Par contre, je me sens attiré par un courant que je connais mal, le free cinema. Parfois, dans les boîtes à suggestion de festivals, je glisse l’idée d’une rétrospective Lindsay Anderson, d’une intégrale Tony Richardson.
Finalement, je n’aurai vu que des reprises de Karel Reisz, l’immigré tchèque du groupe, qui pour moi, aura donc réalisé un grand film anglais, nommé « Morgan ».
Se confirme une intuition selon laquelle les grands films britanniques sont dus à des étrangers (« Fahrenheit 451 » de Truffaut, « Providence » de Resnais, « Esther Kahn » de Desplechin ou « Bronson » du danois Winding Refn…).
« Morgan » est politiquement ironique, drôle et pétillant.
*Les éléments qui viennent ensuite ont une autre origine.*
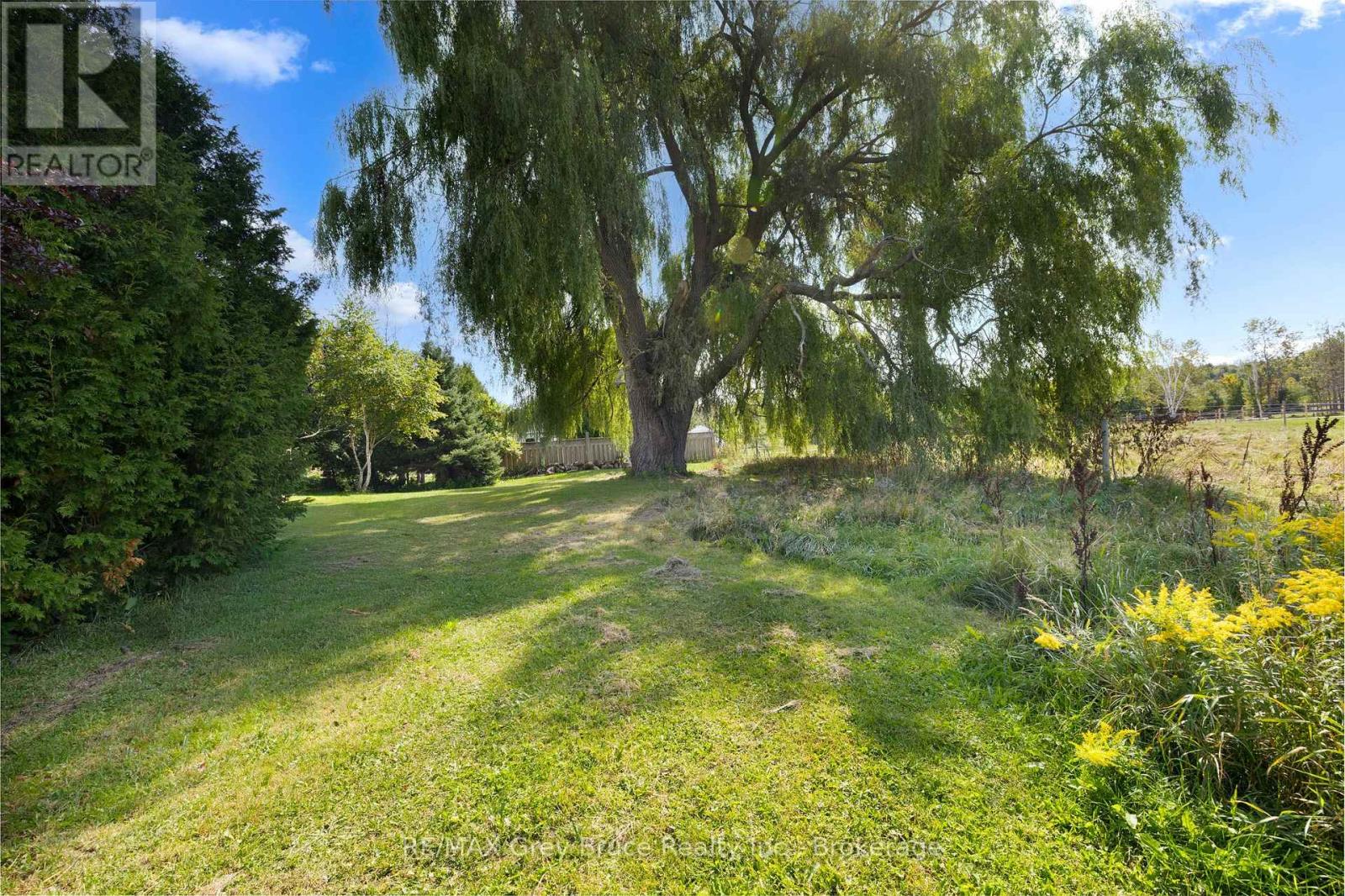 7011 Highway 6, Northern Bruce Peninsula, Ontario  N0H 2R0 - Photo 36 - X12413523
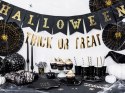 Zestaw dekoracje ozdoby nietoperz na hel Halloween Zestaw dekoracje ozdoby nietoperz na hel Halloween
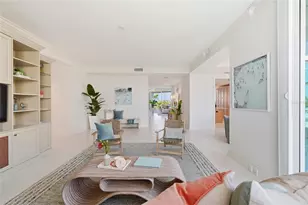2251 Gulf of Mexico Dr, Longboat Key, FL 34228 - Photo 23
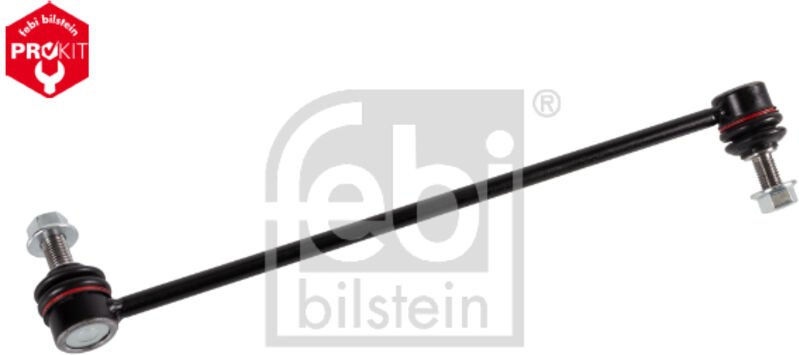 Stabilisatorverbindung 109575 FEBI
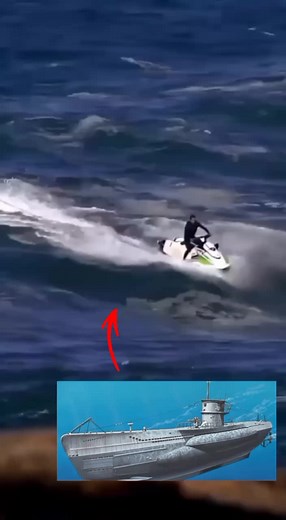 #uboat #dasboot #uboot #meme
Fort bien joué, il se joue des conventions (visuelles, narratives, bourgeoises…) tout en jouant le jeu du divertissement malin. C’est un film anglais.
Je crains, pourtant, qu’il ne me soit jamais resté en mémoire s’il n’était emprunt de l’absurde angoisse et de la mélancolie propre à la Mittel Europa où est né son réalisateur.
Lorsque David Warner se déguise en gorille pour agacer la belle Vanessa Redgrave, c’est Freud qui rencontre Tarzan. Lorsque le jeune homme se voit poursuivi par une statue de Staline, c’est le même Freud que consulte « Le dictateur ».
C’est aussi un paroxysme d’angoisse et de solitude.
Le ridicule costume de singe n’autorise Morgan qu’à faire peur et à se casser la figure dans une maison qui n’est plus la sienne, pauvre quadrumane dans un monde lisse et droit. Le cache cache avec Staline se déroule dans la décharge d’un ferrailleur comme si les spectres du XXe siècle appartenaient déjà à la légende de peuples qui les imaginent en figures comiques, définitivement relégués dans l’inconscient collectif.
Or, si le fou Morgan souffre, c’est bien de se rappeler que les fantômes comme les sentiments résistent à la modernité.

film-morgan6

~ par 50 ans de cinéma sur 30 octobre 2014.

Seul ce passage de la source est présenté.